Vingt-neuf morts, plus qu’un par jour en ce mois de janvier. Au total, 194 Palestiniens ont été tués par l’armée ou par des colons israéliens depuis un an en Cisjordanie occupée, selon le ministère de la santé palestinien. Cette violence a atteint un niveau inégalé depuis la fin de la seconde Intifada (2000-2005).
« Briser la vague », c’est le nom de l’opération lancée au printemps 2022 par l’armée, après plusieurs attaques menées contre des civils en Israël. Elle visait dans un premier temps à casser une nouvelle résistance armée palestinienne. Des combattants regroupés en deux mouvements, les Brigades, à Jénine et les Lions, à Naplouse, inspirent ailleurs des loups plus solitaires. Ils sont jeunes, transpartisans, bien armés ; ils vont à l’affrontement, attaquent des soldats et des colons en Cisjordanie, des civils en Israël. Trente Israéliens ont ainsi été tués. Dans leur ombre, un mouvement monte : le Jihad islamique, groupe islamiste qui se veut rassembleur et n’aspire pas au pouvoir.
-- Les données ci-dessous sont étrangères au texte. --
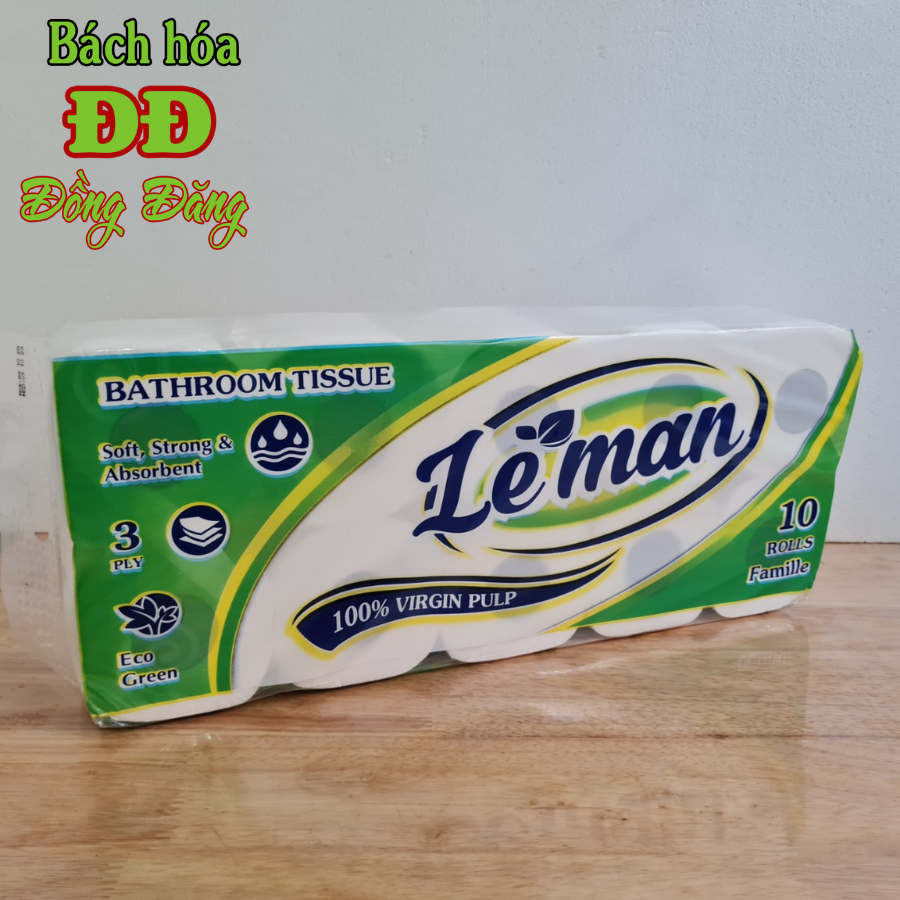 Combo (5 lốc) giấy vệ sinh Leman Xanh Lá 3 lớp (50 cuộn)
Au fil des mois, l’opération de l’armée se mue en une répression massive, qui touche le moindre hameau. Ses effets sont aggravés par les violences perpétrées par les colons, enhardis par le retour au pouvoir de Benyamin Nétanyahou en décembre 2022, à la tête du gouvernement le plus à droite de l’histoire d’Israël. La Cisjordanie vit tétanisée par un déferlement quotidien de drames et d’incidents divers, qui ne peuvent se raconter un à un. Ils disparaissent dans la masse. Au fil d’une semaine cependant, une série d’épisodes, parmi les plus saillants, résument cet état de guerre ordinaire.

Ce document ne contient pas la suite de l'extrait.